Certain areas were well-policed by NPC representatives of Roman law, such as legionaries, who would attempt to uphold the law and prevent violence. In Roman settlements, it was impossible to break the laws, while in others a player could break the law but the NPC guards would, regardless of location, know of the act and respond later. Offending players would receive a "badge" upon their characters marking them as a criminal. The badge would be removed upon death or after a set amount of time.

Barbarians north of Hadrian's Wall were beyond the reach of the law altogether, so the barbarian lands were effectively a full PvP environment. There were no negative consequences for attacking other barbarians; aside from a reputation amongst fellow players.

== Subscription ==

There were no monthly subscription fees in Roma Victor. The game used a variant of the micropayment economic model, which consisted of buying in-game currency (known as sesterces) with real money through the VERM system. It was not possible to exchange virtual currency earned in-game into real world money.

== Development ==

Roma Victor was sporadically 'in development' since its release in 2006. While there had been many patches and some new content added, features such as player-built roads and fortifications, territorial conquest, and mounts were not implemented.
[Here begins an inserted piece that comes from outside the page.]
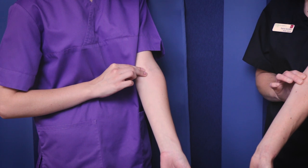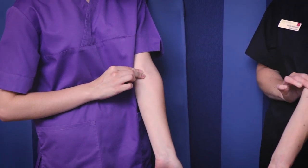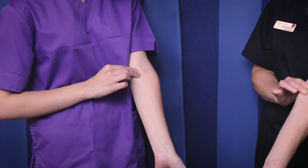Sometimes it can be difficult to feel on some patients. So if you extend the elbow a little bit more, sometimes that helps to find the pulse.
Even at the time that the game was shut down, more than 4 years after release, a large number of features advertised as being available at commercial launch were still not in the game, and along with other features later advertised as part of future updates, were never developed and implemented. There were also a number of known critical bugs in game that were not fixed.

The speed of development and regular lack of customer support or communication was attributed by the creators to a relatively low budget and small development team. However, RedBedlam staff often worked on Roma Victor on a voluntary or part-time basis, a fact that was hidden from the community until several years after commercial launch.

=== RV2 ===

RV2, an overhaul of the Roma Victor client featuring improved graphics and gameplay, was announced in August 2009 to be implemented sometime in 2010. The developers stated that existing customers would be transferred over to the new version without a fee, as would existing buildings, characters and their belongings.

In January 2010, it was announced that the current Roma Victor would be shutting down in May 2011. It was stated that RV2 is still in development and may be released as soon as 2011. However, RedBedlam shut down the game in January 2011, almost 6 months early, without any prior announcement.

As of April 2021, RedBedlam had not released RV2 nor mentioned any development of such a project on its website.